Aan de bank sta je uren in de rij voor cash geld. Aan de automaat kan je maximaal 30.000 bolivar afhalen. Daar koop je nog geen doos eieren mee. Wil je als handelaar iets verdienen, dan moet je ervoor zorgen dat je klanten met een bankkaart kunnen betalen. Overal waar dat kan hangen bordjes Si, hay punto. Kan dat niet? Dan druipen de klanten af. En dan nog maar te hopen dat de elektriciteit het doet, want anders werken die betaalterminals niet.
‘We staan overal in de rij’, zegt een taxichauffeur die aanschuift voor benzine. ‘We doen hier aan brandstoftoerisme.’ De man kan er nog hartelijk om lachen. Humor verzacht de pijn.
Venezuela haalt 95 procent van zijn inkomsten uit de export van olie, maar voor Venezolanen zélf is die olie niet overal beschikbaar. Het grootste deel verdwijnt naar het buitenland. En dus staan er urenlange files aan de tankstations.
© Marianne Cap en Roel Nollet
Exodus
Terwijl mensen zich blauw betalen aan voedsel, is benzine door de inflatie spotgoedkoop. En dat is interessant voor de buurlanden.
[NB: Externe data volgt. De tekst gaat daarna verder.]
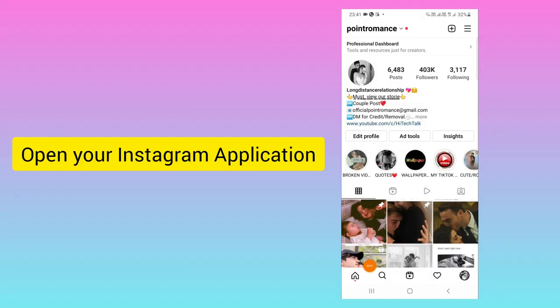Hello everyone, this is High Tech Talk. In this video I will tell you how to pin your Instagram Reels video. Many people are getting the option to pin their Instagram photos or normal videos, but they are not getting the option to pin a Reels video. I will show you on my mobile screen how to do this.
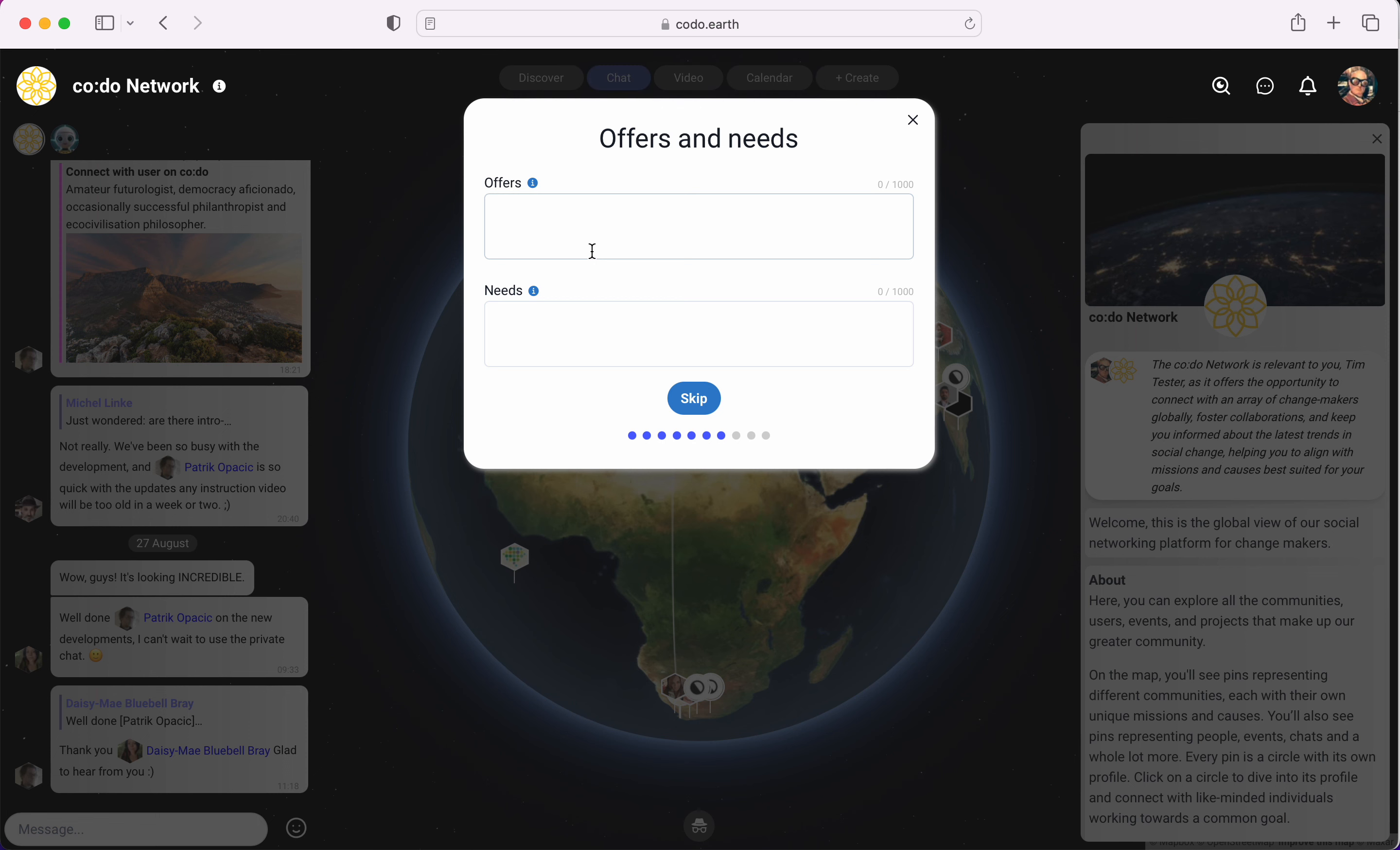The next prompt is our offers and needs. What am I offering on this platform?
Voor een volle tank betaal je amper één eurocent. Aan de grens met Colombia steken kleine bootjes op klaarlichte dag de rivier over. Aan boord: bidons gevuld met benzine. De politie kijkt van op de brug toe, maar geeft geen krimp. Iemand fluistert dat ze wel een stevige duit aan deze lucratieve handel zullen verdienen.
Per dag steken 50.000 mensen de grens met Colombia over op zoek naar voedsel en medicijnen. Velen van hen komen niet meer terug. Andere populaire bestemmingen zijn Chili en Peru.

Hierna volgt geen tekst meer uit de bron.